一.前言
在Pytorch Geometric中我们经常使用消息传递范式来自定义GNN模型,但是这种方法存在着一些缺陷:在邻域聚合过程中,物化x_i
和x_j
可能会占用大量的内存(尤其是在大图上)。然而,并不是所有的GNN都需要表达成这种消息传递的范式形式,一些GNN是可以直接表达为稀疏矩阵乘法形式的。在1.6.0
版本之后,PyG官方正式引入对稀疏矩阵乘法GNN更有力的支持(torch-sparse
中的SparseTensor
),通过稀疏矩阵乘法能够让内存更高效,同时也加快了执行时间。
二.SparseTensor
详解
2.1 构造方式
PyG通过SparseTensor
类来对稀疏矩阵提供支持,该类位于torch_sparse
模块中,可以通过如下形式导入:
from torch_sparse import SparseTensor
该类的构造函数如下所示:
def __init__(
self,
row: Optional[torch.Tensor] = None,
rowptr: Optional[torch.Tensor] = None,
col: Optional[torch.Tensor] = None,
value: Optional[torch.Tensor] = None,
sparse_sizes: Optional[Tuple[Optional[int], Optional[int]]] = None,
is_sorted: bool = False,
trust_data: bool = False,
)
常用参数说明如下:
参数 | 说明 |
---|---|
row | 非零值的行下标,即edge_index[0] |
col | 非零值的列下标,即edge_index[1] |
value | 对应于索引的非零值,可选 |
sparse_sizes | 稀疏矩阵的大小 |
给定图:
其对应的稀疏邻接矩阵构造代码如下:
import torch
from torch_sparse import SparseTensor
from torch_geometric.utils import to_undirected
edge_index = torch.LongTensor(
[[0, 0, 0, 1, 2, 1, 2, 3], [1, 2, 3, 2, 3, 5, 4, 6]])

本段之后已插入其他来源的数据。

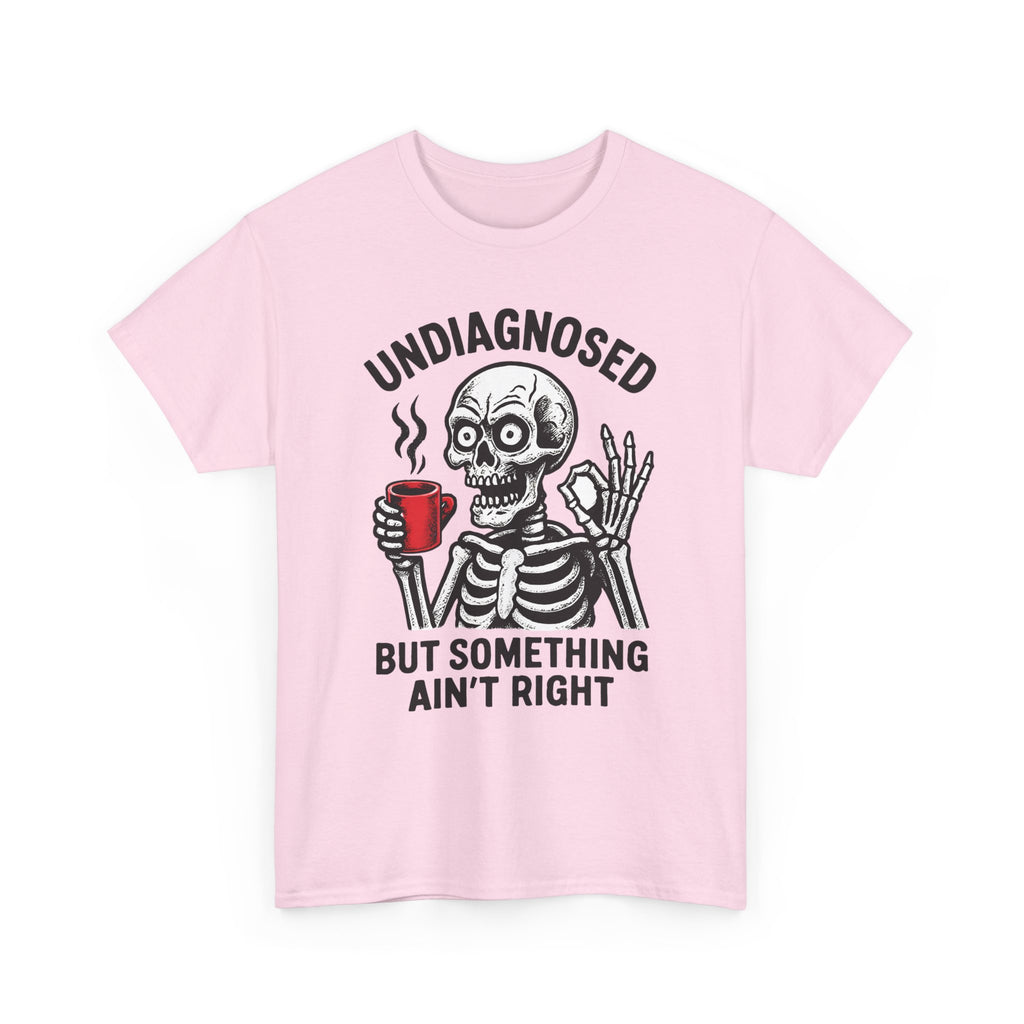 Graphic Tee — "Undiagnosed but Something Ain't Right" Skeleton Coffee Shirt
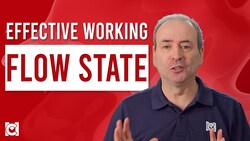 What is the Flow State... and How Flow Can Help You Work Effectively? Instructional Video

edge_index = to_undirected(edge_index)
adj = SparseTensor(row=edge_index[0], col=edge_index[1], sparse_sizes=(7, 7))
print(adj)
"""
SparseTensor(row=tensor([0, 0, 0, 1, 1, 1, 2, 2, 2, 2, 3, 3, 3, 4, 5, 6]),
col=tensor([1, 2, 3, 0, 2, 5, 0, 1, 3, 4, 0, 2, 6, 2, 1, 3]),
size=(7, 7), nnz=16, density=32.65%)
"""
除了采用上述方式,SparseTensor
还能从其它形式来进行创建:
# 从密集矩阵(常见的普通矩阵)进行创建
adj = SparseTensor.from_dense(mat)
# 创建指定大小的单位阵
adj = SparseTensor.eye(100, 100)
# 从scipy矩阵进行创建
adj = SparseTensor.from_scipy(mat)
2.2 常见用法
与scipy
类似,SparseTensor
也支持COO
、CSR
和CSC
等存储格式的稀疏矩阵:
row, col, value = adj.coo()
rowptr, col, value = adj.csr()
colptr, row, value = adj.csc()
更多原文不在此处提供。